We all have lessons to learn from Herman Cain…

     Not too long ago, Herman Cain was a political unknown to many. I was only familiar with him through his many radio appearances on Bill Bennett’s “Morning in America” show on AM radio. Recently, he gained a tremendous amount of political steam in his bid for the Republican Presidential nomination.

     Even more recently, “The Hermanator” became “Hermanated”, when he announced amid scandalous charges that he’d be suspending his run for the Presidency. Theologian Albert Mohler made some very important observations regarding Cain’s political/personal foibles in his week-daily podcast “The Briefing”.

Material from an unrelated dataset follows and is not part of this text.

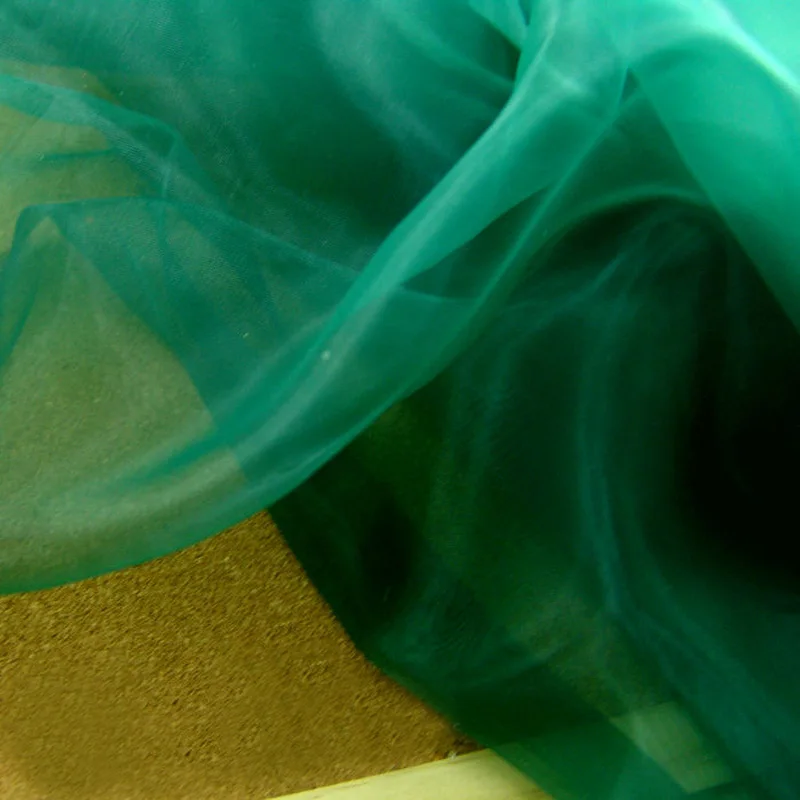 Dark Green Organza Fabric 150cm wide Mesh Cloth Wedding Party DIY material for dress tutu skirt room decoration curtain fabric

     The day after Mohler’s post, Churchleaders.com published a post, which we posted on our Facebook fan page, called “7 Ways to Affair-Proof Your Ministry“. Oh, and by the way – even if
you’re not in full time vocational ministry, you still have a ministry… all around you. So, read on. My comments were as follows:

“Interesting, God has convicted us to put virtually all of these into practice for years now. Are there any that you would add to this through experience or as a result of wisdom passed on to you?”

     In reply, one reader said – “keep an eye even on same-sex relationships” because of the current trend in the media leaning toward normalizing homosexuality. Fair cop. Another reader reminded us of one practice we’ve followed very closely – when emailing a member of the opposite sex, either cc or bcc your spouse (and/or theirs). Food for thought, thought for practice. I hope their post helps you out. But, back to the question – are there any practices you would add to these?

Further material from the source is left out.